Il ciclo di appuntamenti, che si svolgono on line alle ore 17.30, si apre mercoledì 20 aprile con il primo volume di Pensare gli italiani 1849-1890,a cura di Mario Allegri (Scripta edizioni, 2021) e dedicato al decennio 1849-1859, riletto da molteplici punti di vista.

Il volume, che raccoglie gli atti del convegno tenutosi a Rovereto nel 2019, affronta il delicato periodo della storia risorgimentale arrivando alle soglie dell’Unità italiana e permette di riscoprire figure importanti dimenticate e la complessità dei percorsi culturali e sociali che sfociarono nello Stato unitario.

A presentarlo saranno Mario Allegri (Accademia Roveretana degli Agiati), Roberto Pertici (Università di Bergamo) e Francesca Brunet (Centro di Competenza Storia regionale).

Uno sguardo biografico su alcuni protagonisti in divisa della storia risorgimentale è quello che offrirà invece mercoledì 27 aprile Jacopo Lorenzini in L’elmo di Scipio. Storie del Risorgimento in uniforme (Salerno editore, 2020), presentato da Marco Pizzo del Museo Centrale del Risorgimento di Roma.
La storia culturale e politica della professione di ufficiale nell’Ottocento italiano, viene raccontata in questo volume attraverso le vite di tre uomini eccezionali, Salvatore Pianell, Enrico Cosenz e Cesare Magnani Ricotti, attorno ai quali si affollano tanti altri attori di quella straordinaria vicenda politica, culturale e militare che fu il Risorgimento italiano.
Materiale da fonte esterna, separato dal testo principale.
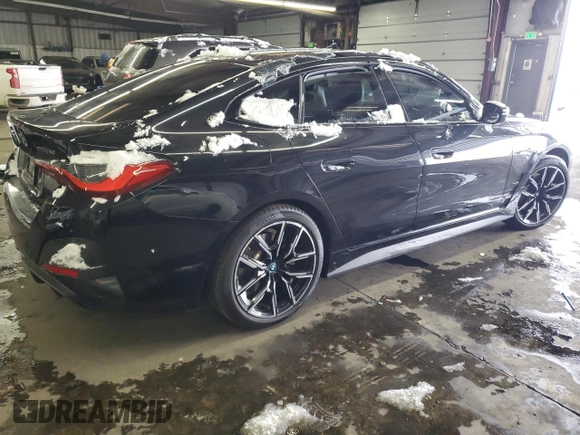 2022 BMW i4 eDrive40 z VIN WBY73AW0XNFM42466, wystawiony jako Copart lot #87421194 z przebiegiem Nie podano mil oraz Szkoda całkowita • Salvage title. Historia ofert i sprzedaży dostępna na DreamBid. Obrazek 3.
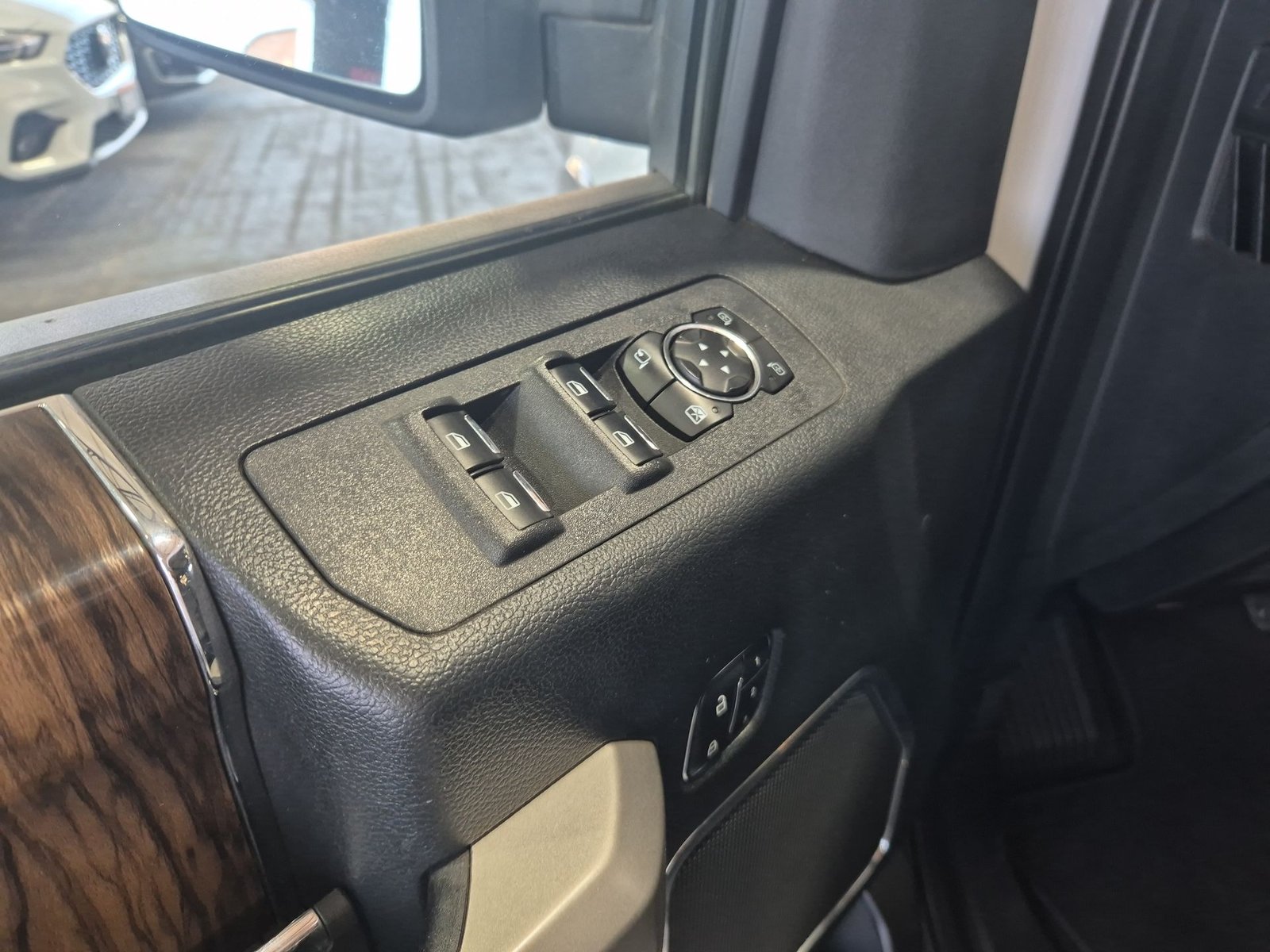 Ford F-150 F150 LARIAT 4X4 5.0 AT 2021 - Imagen 17 de 20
La dimensione politica e coloniale delle grandi campagne archeologiche nel Mediterraneo è invece protagonista del terzo appuntamento in programma mercoledì 4 maggio. Con il suo Pietre d’oltremare. Scavare, conservare, immaginare l’Impero 1899-1940 (Laterza, 2021), Simona Troilo racconta come le spedizioni archeologiche che alimentarono le collezioni di più prestigiosi musei europei, si tradussero in operazioni politiche e culturali, volte a giustificare l’espansionismo coloniale attraverso l’appropriazione e l’uso simbolico dei materiali della storia. Con l’autrice, presentano il volume Barbara Maurina (Fondazione Museo Civico di Rovereto) e Francesco Frizzera (Museo Storico Italiano della Guerra).

A chiudere l’edizione 2022, saranno Gastone Breccia e Stefano Marcuzzi, autori di Le guerre di Libia. Un secolo di conquiste e rivoluzioni (il Mulino, 2021). Con loro, lo storico Marco Mondini (Università di Padova) parlerà di un secolo di guerre in Libia, dalla conquista italiana alla fine di Gheddafi. In queste vicende emergono non solo il ruolo giocato dalle grandi potenze, ma anche l’ambiguo intreccio e il gioco di potere fra le tribù libiche, il loro rapporto ambivalente con tante entità esterne, e la figura enigmatica di Gheddafi, guardiano di una frammentazione mai davvero ricomposta.

L’iniziativa è realizzata con il sostegno di Provincia autonoma di Trento, Comune di Rovereto, Fondazione Caritro. Gli incontri si svolgono online su piattaforma Zoom. I link per partecipare agli incontri sono disponibili su www.museodellaguerra.it e www.agiati.org.